Wow! Bar Terbaik di Dunia Sajikan Koktail dari Ubur-ubur hingga Serangga
Jakarta -
Bar terbaik di dunia ini mencuri perhatian karena menyajikan koktail berbahan nyeleneh, mulai dari ubur-ubur, protein serangga, hingga susu hasil kultur sel.
Bar asal Singapura, FURA, dinobatkan sebagai bar terbaik di dunia pada ajang Spirited Awards 2026 yang digelar di New Orleans, Amerika Serikat.
Penghargaan bergengsi yang menjadi bagian acara 'Tales of the Cocktail' tersebut diputuskan oleh panel berisi lebih dari 250 ahli. Mereka berprofesi sebagai bartender, pemilik bar, penulis, dan pelaku industri minuman dari berbagai negara.
SCROLL TO CONTINUE WITH CONTENT
Keunikan FURA terletak pada konsep yang berbeda dari bar pada umumnya. Alih-alih hanya menggunakan buah, rempah, atau sirup sebagai bahan koktail, bar ini bereksperimen dengan berbagai bahan makanan yang tidak lazim demi mengangkat isu keberlanjutan (sustainability).
Bar Terbaik di Dunia Sajikan Koktail dari Ubur-ubur hingga Serangga Foto: Instagram Fura SG
Salah satu menu paling ikoniknya adalah Jellyfish Martini, koktail yang dibuat menggunakan ubur-ubur tutul karang (spotted coral jellyfish), spesies invasif yang dianggap mengganggu ekosistem laut.
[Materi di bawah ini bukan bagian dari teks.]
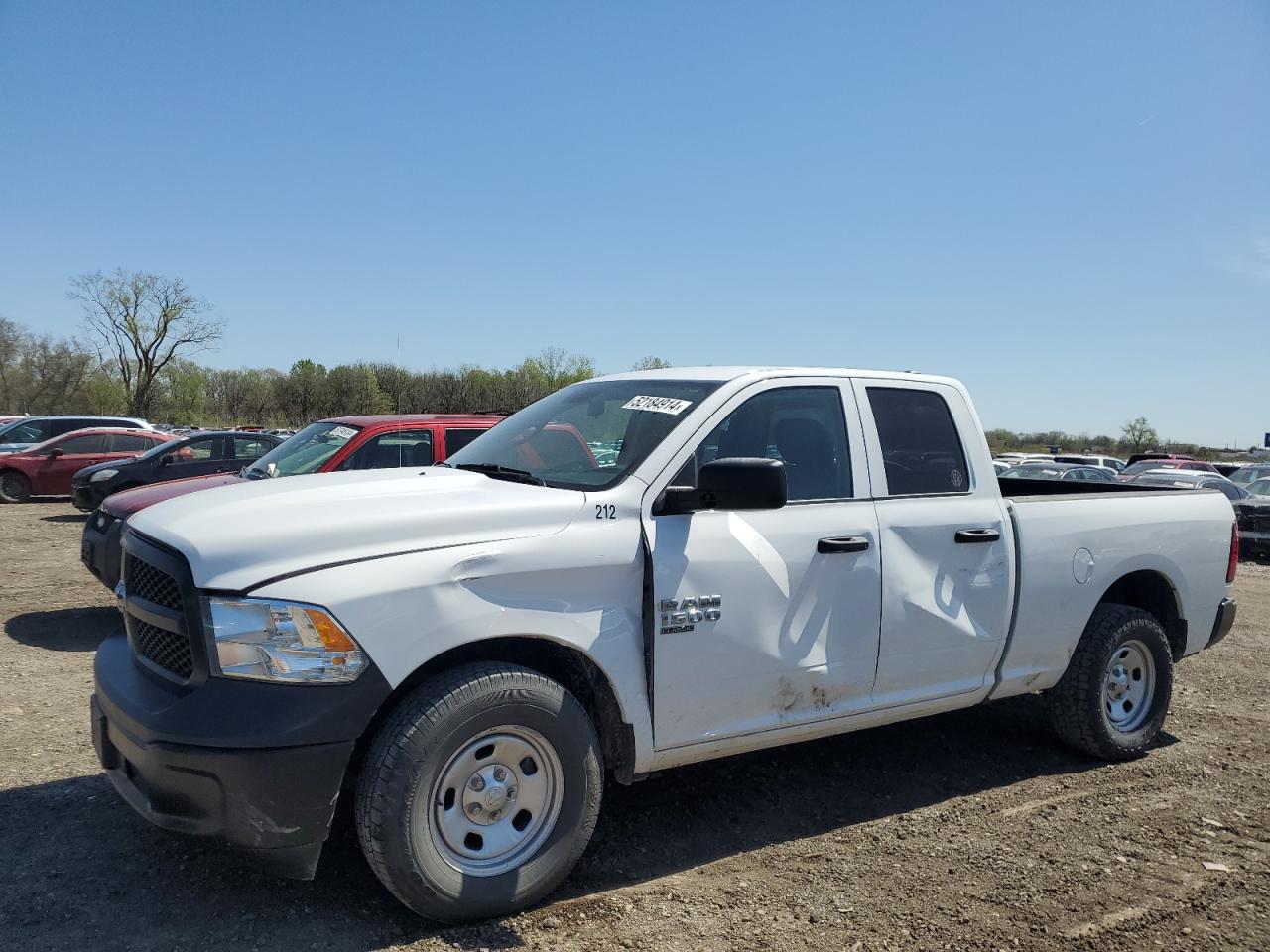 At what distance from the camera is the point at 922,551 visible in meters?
4.23

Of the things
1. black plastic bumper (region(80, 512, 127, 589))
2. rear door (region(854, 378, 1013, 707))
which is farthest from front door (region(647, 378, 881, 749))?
black plastic bumper (region(80, 512, 127, 589))

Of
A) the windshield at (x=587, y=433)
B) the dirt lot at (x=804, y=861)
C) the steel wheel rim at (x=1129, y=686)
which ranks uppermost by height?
the windshield at (x=587, y=433)

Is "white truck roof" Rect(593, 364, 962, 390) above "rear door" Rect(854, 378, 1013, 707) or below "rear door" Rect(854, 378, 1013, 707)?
above

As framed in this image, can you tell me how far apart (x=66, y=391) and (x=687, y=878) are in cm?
8723

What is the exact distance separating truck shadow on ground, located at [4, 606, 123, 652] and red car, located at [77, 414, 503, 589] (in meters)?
0.50

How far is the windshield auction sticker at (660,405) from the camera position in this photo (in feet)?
12.8

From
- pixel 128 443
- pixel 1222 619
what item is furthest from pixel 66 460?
pixel 1222 619

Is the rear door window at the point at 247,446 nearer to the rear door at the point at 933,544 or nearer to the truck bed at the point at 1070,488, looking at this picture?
the truck bed at the point at 1070,488

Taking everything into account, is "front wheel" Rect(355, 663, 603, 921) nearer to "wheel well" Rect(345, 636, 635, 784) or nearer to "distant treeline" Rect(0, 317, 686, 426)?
"wheel well" Rect(345, 636, 635, 784)

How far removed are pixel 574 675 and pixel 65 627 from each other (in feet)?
20.5

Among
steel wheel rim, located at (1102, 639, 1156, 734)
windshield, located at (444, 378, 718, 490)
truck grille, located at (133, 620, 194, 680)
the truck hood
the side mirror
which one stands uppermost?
windshield, located at (444, 378, 718, 490)

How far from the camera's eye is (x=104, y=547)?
24.2 ft

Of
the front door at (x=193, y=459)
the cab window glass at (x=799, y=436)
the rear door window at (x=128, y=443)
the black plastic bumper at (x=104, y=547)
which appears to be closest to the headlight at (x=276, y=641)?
the cab window glass at (x=799, y=436)

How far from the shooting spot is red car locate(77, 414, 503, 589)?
25.0 ft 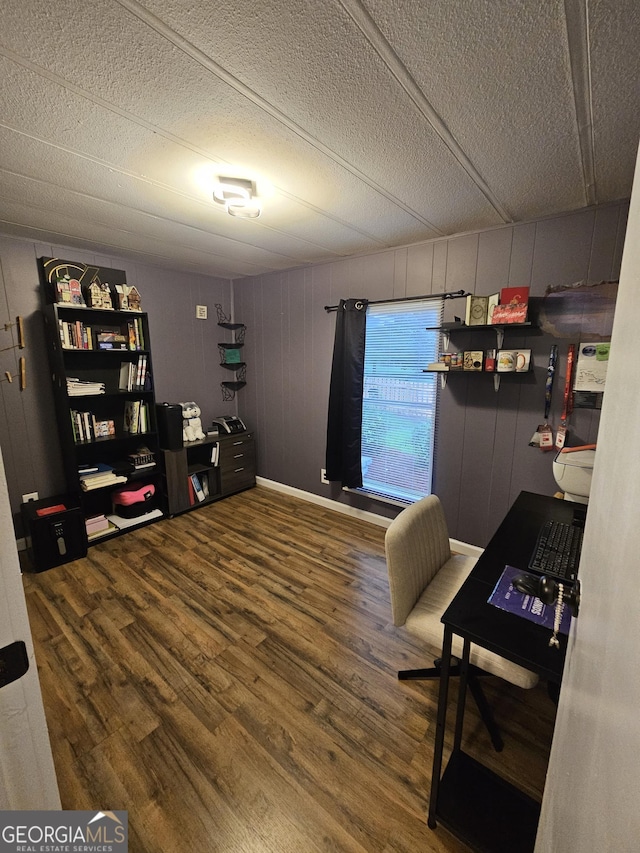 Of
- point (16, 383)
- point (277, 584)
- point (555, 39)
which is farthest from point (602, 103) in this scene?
point (16, 383)

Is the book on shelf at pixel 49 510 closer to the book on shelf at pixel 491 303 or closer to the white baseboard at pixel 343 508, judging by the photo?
the white baseboard at pixel 343 508

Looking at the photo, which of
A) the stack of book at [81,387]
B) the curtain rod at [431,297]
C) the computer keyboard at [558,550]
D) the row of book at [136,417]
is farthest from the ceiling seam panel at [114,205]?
the computer keyboard at [558,550]

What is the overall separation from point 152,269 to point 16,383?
1544 millimetres

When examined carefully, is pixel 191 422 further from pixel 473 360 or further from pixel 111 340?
pixel 473 360

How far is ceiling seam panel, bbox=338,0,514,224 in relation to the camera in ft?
2.97

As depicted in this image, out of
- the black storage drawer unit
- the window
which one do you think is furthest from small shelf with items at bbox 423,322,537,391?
the black storage drawer unit

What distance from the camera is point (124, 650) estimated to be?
185 cm

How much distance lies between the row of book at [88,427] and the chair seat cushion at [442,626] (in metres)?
2.80

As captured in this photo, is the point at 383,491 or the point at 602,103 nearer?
the point at 602,103

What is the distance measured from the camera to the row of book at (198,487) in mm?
3506

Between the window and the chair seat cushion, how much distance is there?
119cm

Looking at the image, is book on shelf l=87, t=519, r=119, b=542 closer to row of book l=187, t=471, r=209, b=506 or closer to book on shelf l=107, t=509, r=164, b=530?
book on shelf l=107, t=509, r=164, b=530

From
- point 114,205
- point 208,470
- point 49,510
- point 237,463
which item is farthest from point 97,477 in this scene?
point 114,205

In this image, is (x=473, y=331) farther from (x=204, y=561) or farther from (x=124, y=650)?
(x=124, y=650) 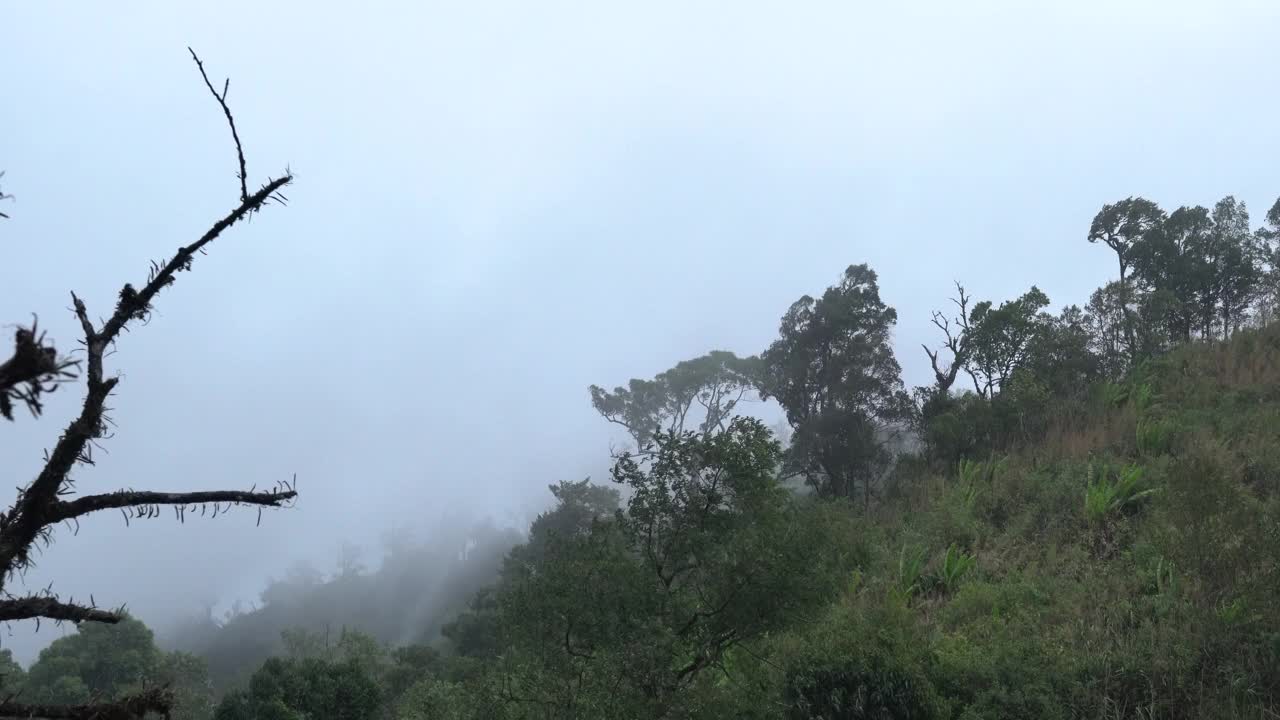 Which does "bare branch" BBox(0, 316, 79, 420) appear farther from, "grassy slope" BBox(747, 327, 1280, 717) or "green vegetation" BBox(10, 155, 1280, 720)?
"grassy slope" BBox(747, 327, 1280, 717)

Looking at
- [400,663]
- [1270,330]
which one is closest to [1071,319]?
[1270,330]

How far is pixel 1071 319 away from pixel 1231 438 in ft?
47.4

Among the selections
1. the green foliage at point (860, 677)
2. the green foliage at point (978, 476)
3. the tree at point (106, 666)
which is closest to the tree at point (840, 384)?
the green foliage at point (978, 476)

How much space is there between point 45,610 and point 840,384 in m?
26.9

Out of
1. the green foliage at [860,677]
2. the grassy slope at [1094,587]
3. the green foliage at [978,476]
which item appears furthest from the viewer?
the green foliage at [978,476]

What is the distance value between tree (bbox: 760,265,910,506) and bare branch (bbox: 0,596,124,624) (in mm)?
25386

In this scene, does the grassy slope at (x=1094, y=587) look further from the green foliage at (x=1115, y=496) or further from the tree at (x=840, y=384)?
the tree at (x=840, y=384)

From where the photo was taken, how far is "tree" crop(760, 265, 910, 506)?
26219 millimetres

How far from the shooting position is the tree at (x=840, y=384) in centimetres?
2622

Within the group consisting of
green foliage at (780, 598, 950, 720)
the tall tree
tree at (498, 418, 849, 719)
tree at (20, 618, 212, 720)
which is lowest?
green foliage at (780, 598, 950, 720)

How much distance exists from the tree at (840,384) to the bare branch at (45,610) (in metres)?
25.4

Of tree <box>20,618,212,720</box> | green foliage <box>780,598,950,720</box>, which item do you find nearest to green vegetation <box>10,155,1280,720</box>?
green foliage <box>780,598,950,720</box>

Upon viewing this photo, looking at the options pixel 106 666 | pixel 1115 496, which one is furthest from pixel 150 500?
pixel 106 666

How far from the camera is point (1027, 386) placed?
22.7m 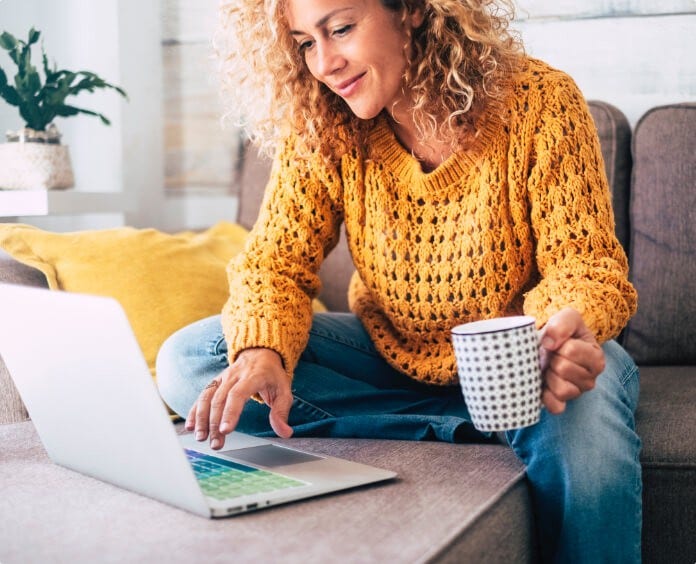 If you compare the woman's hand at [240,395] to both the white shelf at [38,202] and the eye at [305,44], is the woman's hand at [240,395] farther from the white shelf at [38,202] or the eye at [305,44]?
the white shelf at [38,202]

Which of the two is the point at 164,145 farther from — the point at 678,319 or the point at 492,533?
the point at 492,533

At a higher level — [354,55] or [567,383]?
[354,55]

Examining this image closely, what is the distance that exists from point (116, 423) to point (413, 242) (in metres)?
0.56

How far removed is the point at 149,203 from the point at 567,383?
164 centimetres

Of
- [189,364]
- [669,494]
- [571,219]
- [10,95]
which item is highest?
[10,95]

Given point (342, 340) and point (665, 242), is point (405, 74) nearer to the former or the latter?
point (342, 340)

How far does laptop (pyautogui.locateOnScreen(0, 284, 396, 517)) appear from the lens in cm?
82

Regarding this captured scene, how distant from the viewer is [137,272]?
156cm

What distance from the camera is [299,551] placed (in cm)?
77

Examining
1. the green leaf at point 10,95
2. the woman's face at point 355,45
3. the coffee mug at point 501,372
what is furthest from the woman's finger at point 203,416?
the green leaf at point 10,95

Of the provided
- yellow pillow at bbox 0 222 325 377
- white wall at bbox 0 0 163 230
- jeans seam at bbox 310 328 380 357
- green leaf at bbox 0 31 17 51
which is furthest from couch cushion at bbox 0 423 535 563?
white wall at bbox 0 0 163 230

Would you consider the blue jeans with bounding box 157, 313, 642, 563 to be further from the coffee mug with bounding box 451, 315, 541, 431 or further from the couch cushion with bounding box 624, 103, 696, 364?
the couch cushion with bounding box 624, 103, 696, 364

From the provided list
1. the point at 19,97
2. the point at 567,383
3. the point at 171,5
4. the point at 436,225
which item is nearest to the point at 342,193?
the point at 436,225

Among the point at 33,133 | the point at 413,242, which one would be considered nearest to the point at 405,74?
the point at 413,242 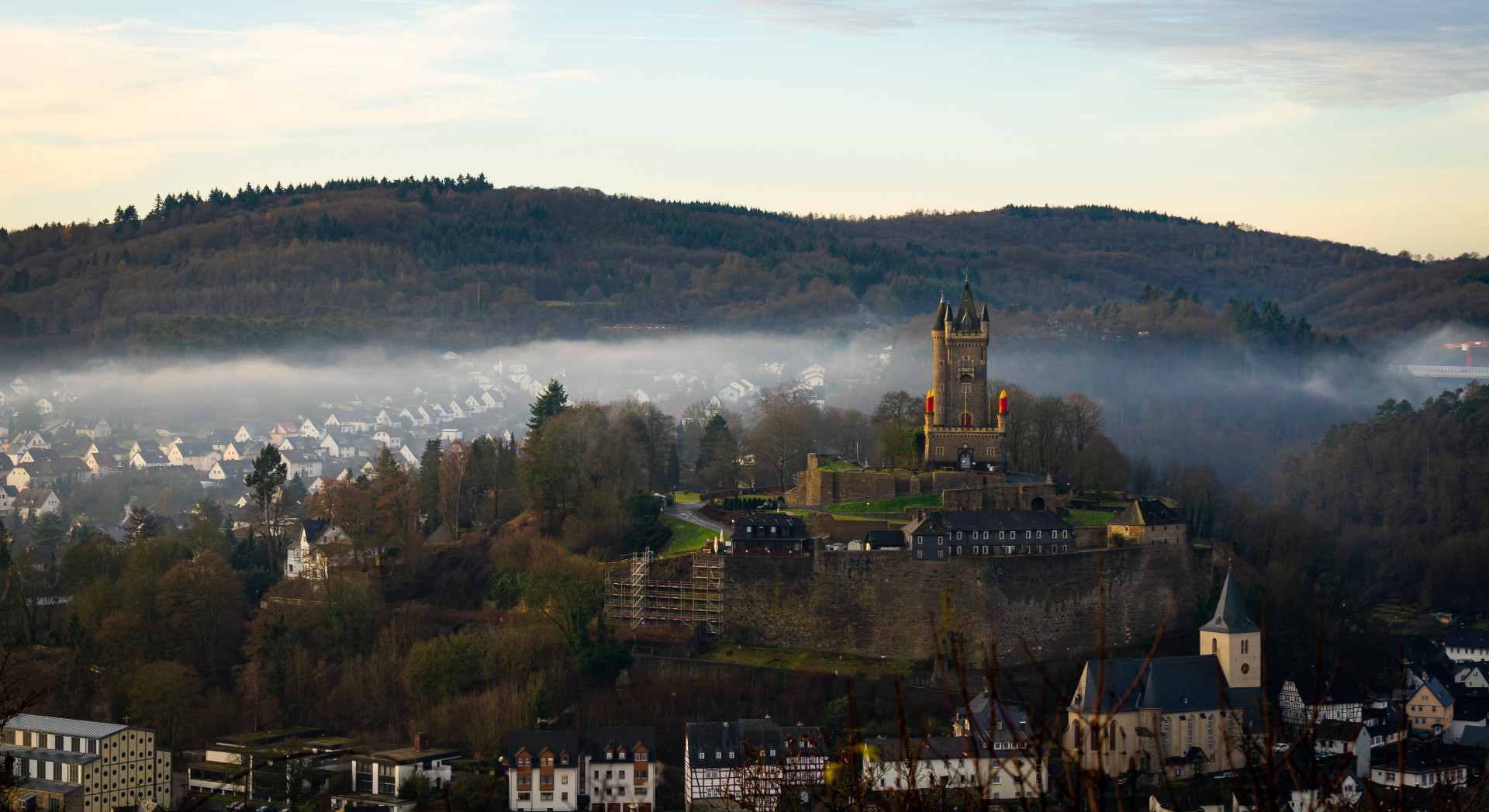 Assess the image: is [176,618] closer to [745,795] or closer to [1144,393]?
[745,795]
Dilansir dari Time Out (27/7/2026), seluruh menu di FURA mengusung konsep Journal of Future Food, yaitu eksplorasi mengenai bahan makanan yang kemungkinan akan dikonsumsi manusia pada masa depan, ketika sejumlah bahan makanan saat ini semakin sulit diperoleh akibat perubahan lingkungan.
Karena itu, berbagai bahan yang digunakan pun jauh berbeda dari kebanyakan bar. Selain ubur-ubur, FURA memanfaatkan protein serangga sebagai salah satu bahan koktail.
Bar Terbaik di Dunia Sajikan Koktail dari Ubur-ubur hingga Serangga Foto: Instagram Fura SG
Bar ini juga menggunakan susu hasil kultur sel (cell-cultured milk), yaitu susu yang diproduksi melalui teknologi kultur sel tanpa berasal dari proses peternakan konvensional.
Bahan-bahan tersebut dipadukan dengan minuman beralkohol sehingga menghasilkan cita rasa yang tidak biasa, sekaligus mengajak pengunjung mengenal alternatif pangan berkelanjutan.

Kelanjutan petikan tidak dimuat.